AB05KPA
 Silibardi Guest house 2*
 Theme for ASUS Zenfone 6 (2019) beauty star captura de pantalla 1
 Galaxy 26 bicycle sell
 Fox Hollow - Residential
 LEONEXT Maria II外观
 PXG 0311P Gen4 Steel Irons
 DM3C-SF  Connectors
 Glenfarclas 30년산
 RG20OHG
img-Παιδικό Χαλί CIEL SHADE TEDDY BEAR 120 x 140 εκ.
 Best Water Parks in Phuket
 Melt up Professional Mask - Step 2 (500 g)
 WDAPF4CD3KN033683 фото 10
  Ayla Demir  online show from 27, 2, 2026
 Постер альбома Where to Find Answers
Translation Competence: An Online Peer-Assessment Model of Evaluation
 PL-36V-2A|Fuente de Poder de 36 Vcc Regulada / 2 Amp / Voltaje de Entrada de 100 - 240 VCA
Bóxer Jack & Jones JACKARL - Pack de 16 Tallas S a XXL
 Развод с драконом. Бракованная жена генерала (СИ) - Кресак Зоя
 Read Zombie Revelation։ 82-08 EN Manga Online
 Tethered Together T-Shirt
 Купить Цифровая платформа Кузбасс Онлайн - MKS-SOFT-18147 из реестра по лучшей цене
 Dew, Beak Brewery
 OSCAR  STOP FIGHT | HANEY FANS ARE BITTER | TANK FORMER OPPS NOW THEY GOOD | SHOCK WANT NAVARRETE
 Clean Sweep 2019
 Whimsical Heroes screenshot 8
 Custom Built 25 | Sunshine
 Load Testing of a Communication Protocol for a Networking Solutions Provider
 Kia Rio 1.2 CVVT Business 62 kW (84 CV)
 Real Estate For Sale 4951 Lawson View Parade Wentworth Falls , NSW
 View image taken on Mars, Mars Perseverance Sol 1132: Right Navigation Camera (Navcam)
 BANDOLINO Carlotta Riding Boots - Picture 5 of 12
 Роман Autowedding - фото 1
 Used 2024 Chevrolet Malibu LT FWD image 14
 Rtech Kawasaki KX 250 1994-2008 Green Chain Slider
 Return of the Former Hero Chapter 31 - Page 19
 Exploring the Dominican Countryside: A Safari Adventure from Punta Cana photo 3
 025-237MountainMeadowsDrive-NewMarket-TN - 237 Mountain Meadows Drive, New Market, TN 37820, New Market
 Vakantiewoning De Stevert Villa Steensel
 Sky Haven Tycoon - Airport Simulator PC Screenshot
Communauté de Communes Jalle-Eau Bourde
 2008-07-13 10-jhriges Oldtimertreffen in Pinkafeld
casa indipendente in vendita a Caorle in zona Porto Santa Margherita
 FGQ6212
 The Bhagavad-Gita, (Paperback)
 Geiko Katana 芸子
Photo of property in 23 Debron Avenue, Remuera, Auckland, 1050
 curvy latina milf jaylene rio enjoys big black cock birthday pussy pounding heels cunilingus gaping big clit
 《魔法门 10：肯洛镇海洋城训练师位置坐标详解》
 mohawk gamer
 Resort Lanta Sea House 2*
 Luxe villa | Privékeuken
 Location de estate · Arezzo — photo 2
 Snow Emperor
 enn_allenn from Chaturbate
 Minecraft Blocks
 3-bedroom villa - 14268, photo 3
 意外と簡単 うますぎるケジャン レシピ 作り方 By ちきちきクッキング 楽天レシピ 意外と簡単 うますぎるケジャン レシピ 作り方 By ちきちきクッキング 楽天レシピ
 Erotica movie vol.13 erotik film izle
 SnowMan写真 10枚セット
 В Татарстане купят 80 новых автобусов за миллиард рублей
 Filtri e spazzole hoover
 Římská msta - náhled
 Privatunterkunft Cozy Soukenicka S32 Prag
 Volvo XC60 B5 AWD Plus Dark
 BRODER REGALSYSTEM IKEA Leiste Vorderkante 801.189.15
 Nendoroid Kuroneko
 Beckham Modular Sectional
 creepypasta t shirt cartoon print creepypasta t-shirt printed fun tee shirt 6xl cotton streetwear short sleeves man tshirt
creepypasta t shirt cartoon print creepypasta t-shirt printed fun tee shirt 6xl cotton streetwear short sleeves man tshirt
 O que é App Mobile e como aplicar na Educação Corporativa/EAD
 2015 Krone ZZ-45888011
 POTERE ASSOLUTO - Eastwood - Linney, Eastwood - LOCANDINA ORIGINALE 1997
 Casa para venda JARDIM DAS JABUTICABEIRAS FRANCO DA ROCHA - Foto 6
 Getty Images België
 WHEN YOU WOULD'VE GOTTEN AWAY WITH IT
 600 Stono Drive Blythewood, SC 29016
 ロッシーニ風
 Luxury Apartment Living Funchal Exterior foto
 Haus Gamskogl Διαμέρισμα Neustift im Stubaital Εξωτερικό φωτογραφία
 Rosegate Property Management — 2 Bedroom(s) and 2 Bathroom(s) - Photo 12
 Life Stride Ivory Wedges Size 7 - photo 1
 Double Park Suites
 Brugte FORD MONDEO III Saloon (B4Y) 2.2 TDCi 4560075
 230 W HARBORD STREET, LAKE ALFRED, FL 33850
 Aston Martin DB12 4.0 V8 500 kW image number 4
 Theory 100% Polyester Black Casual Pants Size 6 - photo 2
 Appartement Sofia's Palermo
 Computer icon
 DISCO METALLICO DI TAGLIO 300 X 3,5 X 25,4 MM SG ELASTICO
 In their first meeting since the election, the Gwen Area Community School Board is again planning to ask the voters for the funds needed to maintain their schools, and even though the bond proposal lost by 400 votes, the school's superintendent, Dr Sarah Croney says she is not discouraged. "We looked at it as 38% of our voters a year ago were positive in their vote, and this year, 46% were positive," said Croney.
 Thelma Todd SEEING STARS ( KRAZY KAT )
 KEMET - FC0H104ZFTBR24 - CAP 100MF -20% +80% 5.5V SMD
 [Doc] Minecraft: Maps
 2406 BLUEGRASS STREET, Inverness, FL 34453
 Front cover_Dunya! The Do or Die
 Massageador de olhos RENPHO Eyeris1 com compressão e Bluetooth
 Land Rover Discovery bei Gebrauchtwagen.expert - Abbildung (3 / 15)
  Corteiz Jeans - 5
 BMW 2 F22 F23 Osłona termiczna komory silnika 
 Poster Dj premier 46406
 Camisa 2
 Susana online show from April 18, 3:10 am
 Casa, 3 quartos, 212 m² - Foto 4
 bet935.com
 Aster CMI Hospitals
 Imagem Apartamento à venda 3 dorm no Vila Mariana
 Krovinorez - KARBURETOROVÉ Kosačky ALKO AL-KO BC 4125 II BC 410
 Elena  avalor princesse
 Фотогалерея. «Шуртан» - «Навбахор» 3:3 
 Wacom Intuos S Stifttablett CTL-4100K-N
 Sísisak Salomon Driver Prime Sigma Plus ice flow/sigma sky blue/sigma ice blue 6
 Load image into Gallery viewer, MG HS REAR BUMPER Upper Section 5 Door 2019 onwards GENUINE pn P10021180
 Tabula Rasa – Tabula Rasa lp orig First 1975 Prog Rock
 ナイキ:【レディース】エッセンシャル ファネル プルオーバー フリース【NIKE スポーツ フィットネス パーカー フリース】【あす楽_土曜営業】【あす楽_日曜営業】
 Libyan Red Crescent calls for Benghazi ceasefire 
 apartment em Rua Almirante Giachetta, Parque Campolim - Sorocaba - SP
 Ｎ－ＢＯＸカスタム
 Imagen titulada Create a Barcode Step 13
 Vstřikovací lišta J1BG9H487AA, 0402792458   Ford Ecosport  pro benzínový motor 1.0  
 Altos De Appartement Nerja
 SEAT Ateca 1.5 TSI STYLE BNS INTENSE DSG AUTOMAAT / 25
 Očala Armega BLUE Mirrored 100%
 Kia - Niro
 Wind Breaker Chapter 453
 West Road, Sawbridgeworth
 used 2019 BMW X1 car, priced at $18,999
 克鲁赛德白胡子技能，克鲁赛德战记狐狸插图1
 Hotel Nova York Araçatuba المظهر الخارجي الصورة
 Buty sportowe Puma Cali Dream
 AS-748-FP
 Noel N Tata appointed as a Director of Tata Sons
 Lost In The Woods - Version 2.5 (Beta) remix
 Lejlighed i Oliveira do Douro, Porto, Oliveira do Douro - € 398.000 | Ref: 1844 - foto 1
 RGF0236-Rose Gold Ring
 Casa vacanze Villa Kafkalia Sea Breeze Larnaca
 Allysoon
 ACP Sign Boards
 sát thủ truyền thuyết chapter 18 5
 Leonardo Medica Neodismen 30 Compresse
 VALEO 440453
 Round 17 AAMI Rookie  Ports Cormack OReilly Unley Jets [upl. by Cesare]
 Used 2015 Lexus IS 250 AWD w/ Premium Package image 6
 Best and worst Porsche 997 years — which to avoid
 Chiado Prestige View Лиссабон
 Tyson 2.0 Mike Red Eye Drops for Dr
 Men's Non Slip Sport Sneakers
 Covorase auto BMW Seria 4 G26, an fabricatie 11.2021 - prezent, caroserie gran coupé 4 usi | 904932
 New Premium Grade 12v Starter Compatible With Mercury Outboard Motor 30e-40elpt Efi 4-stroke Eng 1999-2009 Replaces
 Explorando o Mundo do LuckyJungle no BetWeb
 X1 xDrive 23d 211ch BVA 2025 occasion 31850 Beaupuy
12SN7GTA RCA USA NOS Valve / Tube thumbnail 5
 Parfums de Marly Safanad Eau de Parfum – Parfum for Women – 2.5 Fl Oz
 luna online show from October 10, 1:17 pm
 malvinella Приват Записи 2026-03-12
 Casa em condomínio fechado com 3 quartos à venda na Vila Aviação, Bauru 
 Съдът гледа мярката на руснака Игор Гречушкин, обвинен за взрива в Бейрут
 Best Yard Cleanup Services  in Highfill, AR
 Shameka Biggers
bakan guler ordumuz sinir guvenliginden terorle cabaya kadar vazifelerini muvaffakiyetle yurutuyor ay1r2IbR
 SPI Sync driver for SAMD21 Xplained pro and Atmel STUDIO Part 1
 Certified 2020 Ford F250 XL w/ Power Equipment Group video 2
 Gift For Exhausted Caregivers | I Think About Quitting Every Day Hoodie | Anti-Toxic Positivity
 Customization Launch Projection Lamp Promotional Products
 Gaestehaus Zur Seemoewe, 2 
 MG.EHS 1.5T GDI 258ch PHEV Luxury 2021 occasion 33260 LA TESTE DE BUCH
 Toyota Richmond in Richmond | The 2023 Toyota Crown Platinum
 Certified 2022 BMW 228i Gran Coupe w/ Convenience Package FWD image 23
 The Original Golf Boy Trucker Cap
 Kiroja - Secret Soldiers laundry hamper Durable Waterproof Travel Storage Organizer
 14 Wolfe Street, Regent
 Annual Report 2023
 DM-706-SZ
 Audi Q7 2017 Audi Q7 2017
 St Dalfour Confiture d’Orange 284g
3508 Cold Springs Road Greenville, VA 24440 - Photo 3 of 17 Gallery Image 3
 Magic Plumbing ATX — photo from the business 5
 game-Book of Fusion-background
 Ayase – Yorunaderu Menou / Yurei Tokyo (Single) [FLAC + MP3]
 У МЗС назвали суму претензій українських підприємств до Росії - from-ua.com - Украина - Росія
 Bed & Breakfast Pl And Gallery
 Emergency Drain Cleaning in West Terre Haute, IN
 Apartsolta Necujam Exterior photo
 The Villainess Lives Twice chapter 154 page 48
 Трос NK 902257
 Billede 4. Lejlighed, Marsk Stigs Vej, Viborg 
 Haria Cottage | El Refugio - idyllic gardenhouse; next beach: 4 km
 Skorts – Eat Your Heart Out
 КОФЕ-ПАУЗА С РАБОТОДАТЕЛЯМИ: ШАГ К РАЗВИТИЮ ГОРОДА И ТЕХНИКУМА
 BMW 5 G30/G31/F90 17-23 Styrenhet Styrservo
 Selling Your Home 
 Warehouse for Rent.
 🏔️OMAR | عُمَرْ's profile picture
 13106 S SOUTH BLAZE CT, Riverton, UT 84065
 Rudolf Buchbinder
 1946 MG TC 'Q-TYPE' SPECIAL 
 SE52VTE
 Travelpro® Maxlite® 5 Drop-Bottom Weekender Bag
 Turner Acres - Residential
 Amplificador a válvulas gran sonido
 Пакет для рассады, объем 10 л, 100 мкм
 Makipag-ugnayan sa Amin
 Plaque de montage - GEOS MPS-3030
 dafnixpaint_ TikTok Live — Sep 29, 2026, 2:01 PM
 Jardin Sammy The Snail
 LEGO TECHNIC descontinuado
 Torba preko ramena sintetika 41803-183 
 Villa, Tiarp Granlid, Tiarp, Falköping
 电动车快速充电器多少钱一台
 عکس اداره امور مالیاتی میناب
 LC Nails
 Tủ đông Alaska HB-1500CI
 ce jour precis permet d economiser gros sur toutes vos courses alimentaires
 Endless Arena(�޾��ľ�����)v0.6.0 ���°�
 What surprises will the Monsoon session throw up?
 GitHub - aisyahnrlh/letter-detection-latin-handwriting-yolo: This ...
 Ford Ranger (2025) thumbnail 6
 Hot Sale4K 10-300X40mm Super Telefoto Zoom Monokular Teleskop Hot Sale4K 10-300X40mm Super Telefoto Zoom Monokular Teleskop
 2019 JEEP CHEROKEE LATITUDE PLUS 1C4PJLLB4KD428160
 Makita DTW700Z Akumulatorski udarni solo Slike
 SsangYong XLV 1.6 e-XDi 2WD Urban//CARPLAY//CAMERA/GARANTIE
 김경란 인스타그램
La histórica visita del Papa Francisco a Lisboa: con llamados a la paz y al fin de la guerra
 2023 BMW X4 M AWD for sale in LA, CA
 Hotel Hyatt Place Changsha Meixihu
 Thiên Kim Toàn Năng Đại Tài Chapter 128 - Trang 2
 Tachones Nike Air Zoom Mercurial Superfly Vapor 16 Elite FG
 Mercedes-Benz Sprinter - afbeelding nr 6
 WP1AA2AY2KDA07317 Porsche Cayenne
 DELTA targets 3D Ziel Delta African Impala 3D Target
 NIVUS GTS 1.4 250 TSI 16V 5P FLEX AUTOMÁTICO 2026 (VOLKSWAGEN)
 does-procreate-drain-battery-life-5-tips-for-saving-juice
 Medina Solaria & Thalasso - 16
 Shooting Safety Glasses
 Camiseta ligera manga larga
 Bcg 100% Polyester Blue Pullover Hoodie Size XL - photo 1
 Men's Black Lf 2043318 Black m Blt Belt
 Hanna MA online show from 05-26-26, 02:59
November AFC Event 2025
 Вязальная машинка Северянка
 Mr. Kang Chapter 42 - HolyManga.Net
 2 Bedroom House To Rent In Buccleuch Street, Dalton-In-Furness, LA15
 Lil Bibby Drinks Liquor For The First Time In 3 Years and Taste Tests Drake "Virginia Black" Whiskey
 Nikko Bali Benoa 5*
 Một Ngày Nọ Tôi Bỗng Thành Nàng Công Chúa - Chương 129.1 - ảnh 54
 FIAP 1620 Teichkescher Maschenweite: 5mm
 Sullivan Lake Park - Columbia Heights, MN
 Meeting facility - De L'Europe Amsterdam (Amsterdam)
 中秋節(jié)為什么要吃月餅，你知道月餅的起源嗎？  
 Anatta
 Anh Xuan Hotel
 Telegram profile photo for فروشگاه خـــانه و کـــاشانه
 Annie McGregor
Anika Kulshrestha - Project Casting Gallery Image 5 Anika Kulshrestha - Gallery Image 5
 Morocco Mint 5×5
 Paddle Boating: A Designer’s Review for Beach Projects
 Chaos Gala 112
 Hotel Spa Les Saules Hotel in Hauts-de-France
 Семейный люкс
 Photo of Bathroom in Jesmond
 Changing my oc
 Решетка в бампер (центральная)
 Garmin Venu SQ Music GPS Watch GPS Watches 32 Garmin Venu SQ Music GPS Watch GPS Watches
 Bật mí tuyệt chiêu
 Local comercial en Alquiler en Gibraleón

========

Restate word for word the entries above, starting at the line with "Vakantiewoning De Stevert Villa Steensel" and ending at the line with "Volvo XC60 B5 AWD Plus Dark", inclusive, and no others.

▶ **Answer space**
 Vakantiewoning De Stevert Villa Steensel
 Sky Haven Tycoon - Airport Simulator PC Screenshot
Communauté de Communes Jalle-Eau Bourde
 2008-07-13 10-jhriges Oldtimertreffen in Pinkafeld
casa indipendente in vendita a Caorle in zona Porto Santa Margherita
 FGQ6212
 The Bhagavad-Gita, (Paperback)
 Geiko Katana 芸子
Photo of property in 23 Debron Avenue, Remuera, Auckland, 1050
 curvy latina milf jaylene rio enjoys big black cock birthday pussy pounding heels cunilingus gaping big clit
 《魔法门 10：肯洛镇海洋城训练师位置坐标详解》
 mohawk gamer
 Resort Lanta Sea House 2*
 Luxe villa | Privékeuken
 Location de estate · Arezzo — photo 2
 Snow Emperor
 enn_allenn from Chaturbate
 Minecraft Blocks
 3-bedroom villa - 14268, photo 3
 意外と簡単 うますぎるケジャン レシピ 作り方 By ちきちきクッキング 楽天レシピ 意外と簡単 うますぎるケジャン レシピ 作り方 By ちきちきクッキング 楽天レシピ
 Erotica movie vol.13 erotik film izle
 SnowMan写真 10枚セット
 В Татарстане купят 80 новых автобусов за миллиард рублей
 Filtri e spazzole hoover
 Římská msta - náhled
 Privatunterkunft Cozy Soukenicka S32 Prag
 Volvo XC60 B5 AWD Plus Dark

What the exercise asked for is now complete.